Les accès d'humanité de Romain Gary peuvent submerger. Trop bon. Émouvant comme une image, presque comme une odeur.

J'en ai eu peur de continuer à le lire. Comme lorsque l'on fuit un amour trop passionnel. J'ai pourtant replongé (autre expression consacrée) dans la Promesse de l'aube, ouvrage qui m'énervait à plus d'un titre. À cause de son titre justement, que je confonds systématiquement avec les Promesses de l'ombre, de David Cronenberg. Rien à voir nous sommes d'accord. Justement.

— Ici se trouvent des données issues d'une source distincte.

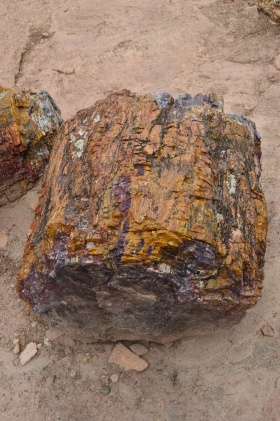 Escalante_Petrified_Forrest_07_big.jpg Escalante_Petrified_Forrest_07_big.jpg
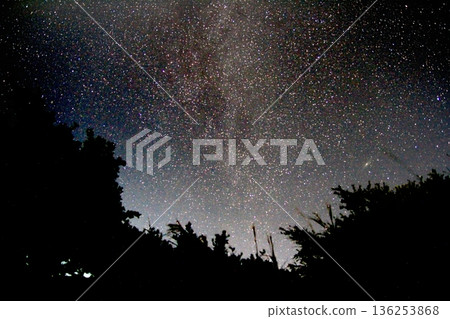 The north side of the Milky Way seen from the forest 136253868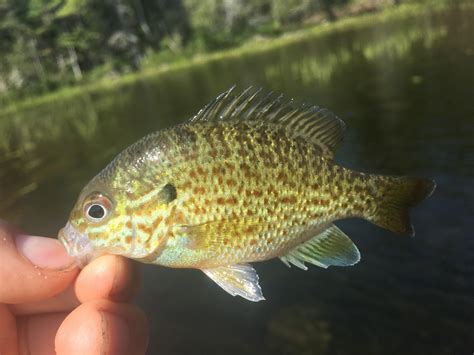 Pumpkinseed Sunfish from South Branch Lake : r/Fish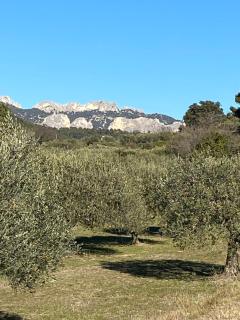 Villa cosy pour 8 Pers avec piscine, dentelles de Montmirail, Ventoux Provence - 7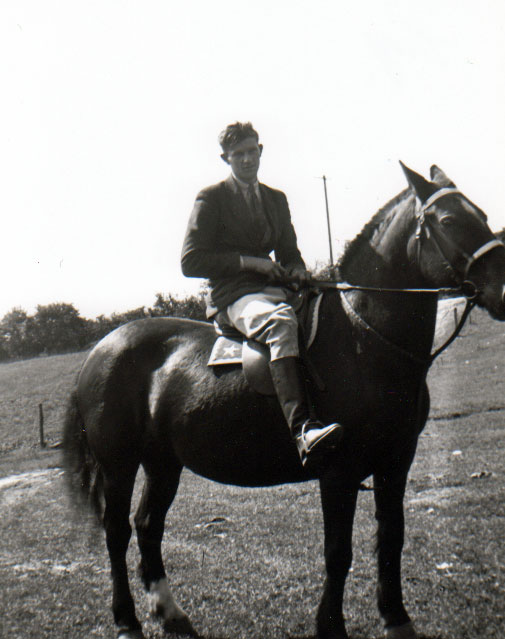 TroyLarkonHorse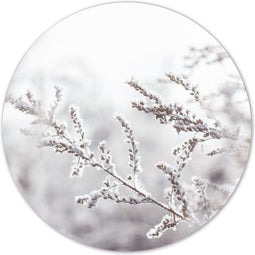 Label2X - Muurcirkel snowy twig - Ø 20 cm - Forex - Multicolor - Wandcirkel - Rond Schilderij - Muurdecoratie Cirkel - Wandecoratie rond - Decoratie voor woonkamer of slaapkamer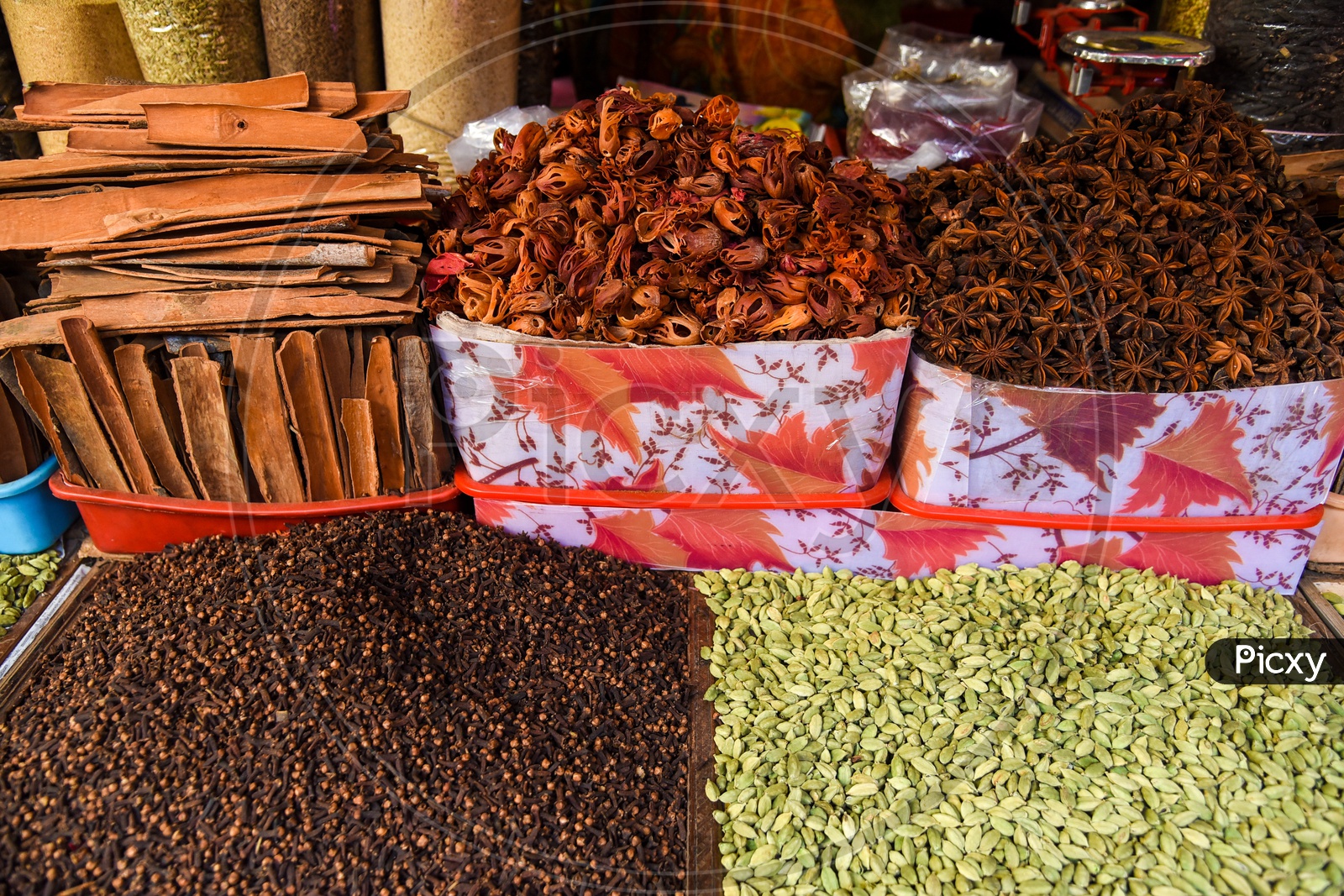 Assortment of Indian Spices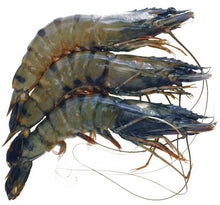Load image into Gallery viewer, black-tiger-shell-head-on-prawns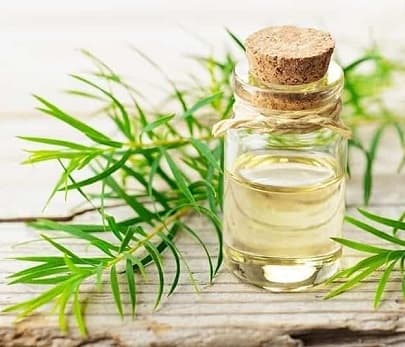 tea-tree_neem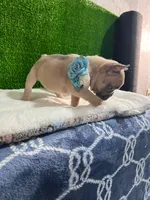 Shirley , a male French Bulldog for sale in Miami, FL – 8 of 10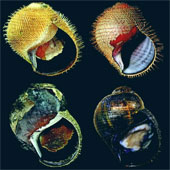 Phát hiện 5 loài ốc biển mới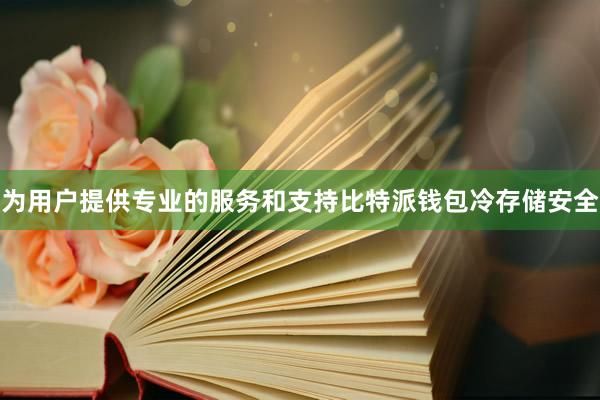 为用户提供专业的服务和支持比特派钱包冷存储安全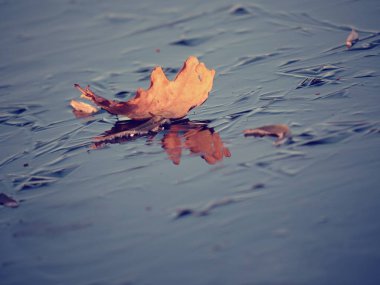 Göl kenarında koyu ince buz meşe yaprakları ile kaplı. Erken kış hava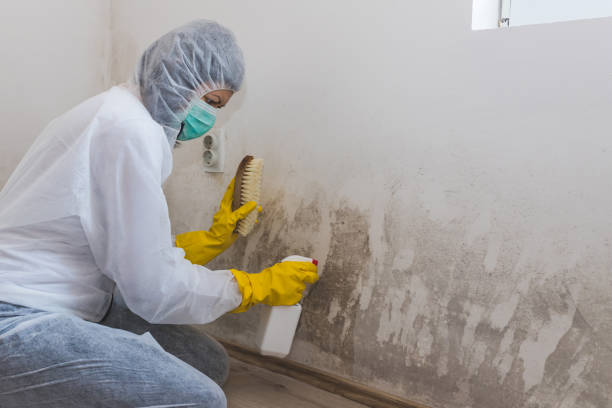 Best Mold Cleaning Services  in Jackson, MS
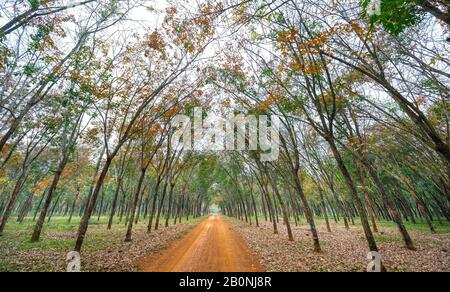 Path rubber season change leaves with trees line up dirt road leading into down at horizon. Stock Photo
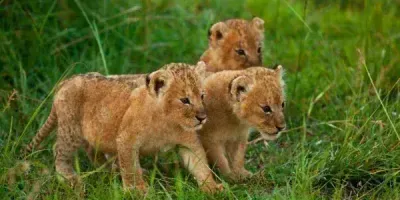 Чи зможеш ти вижити в дикій природі?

Ensuite en raison du sujet: l'amour immodéré d'une mère pour son fils, quand on est une fanatique de Psycho, on se méfie.

Par exemple, je n'ai pas su comprendre le Livre de ma mère de Cohen (qui a aussi écrit Belle du Seigneur, que je confonds sans cesse avec Belle de Jour de Kessel, que je recommande). BREF.


La Promesse de l'aube raconte une folie, j'oserais même dire un craquage de mère. Lorsque le jeune Romain a treize ans par exemple, sa mère lui explique qu'il sera "Victor Hugo, Prix Nobel !" (facile !) et qu'il doit donc trouver un pseudonyme. "Un grand écrivain français ne peut porter un nom russe. Si tu étais un virtuose violoniste, ce serait très bien, mais pour un titan de la littérature française, ça ne va pas"

Je vous laisse juge. Une mère qui pèse pour le moins. Comme l'admettra l'auteur: "elle avait des yeux où il faisait si bon vivre que je n'ai jamais su où aller depuis." Je le crois.

L'ouvrage est autobiographique évidemment. En même temps, quand on connaît la vie de Romain Gary, aviateur, diplomate, porte-parole à l'ONU, réalisateur et DEUX fois lauréat du prix Goncourt (on n'apprendra qu'après sa mort qu'Émile Ajar, l'auteur de la Vie devant soi était bien Romain Gary et non pas son neveu), on comprend qu'elle soit source d'inspiration.

La mère du petit Romain avait donc raison.

La Promesse de l'aube transperce. Elle adhérera éternellement à votre mémoire. La "surprise" finale (ceux qui l'ont lu, chut, ne dites rien !) hantera le reste de vos jours.


Auteur de l'amour tendre, de l'espérance humaine qui souffre et attend, Gary réconforte en nous faisant sourire. S'il vous plaît, lisez-le. Le bouleversement du coeur, il n'y a pas plus sain pour l'âme.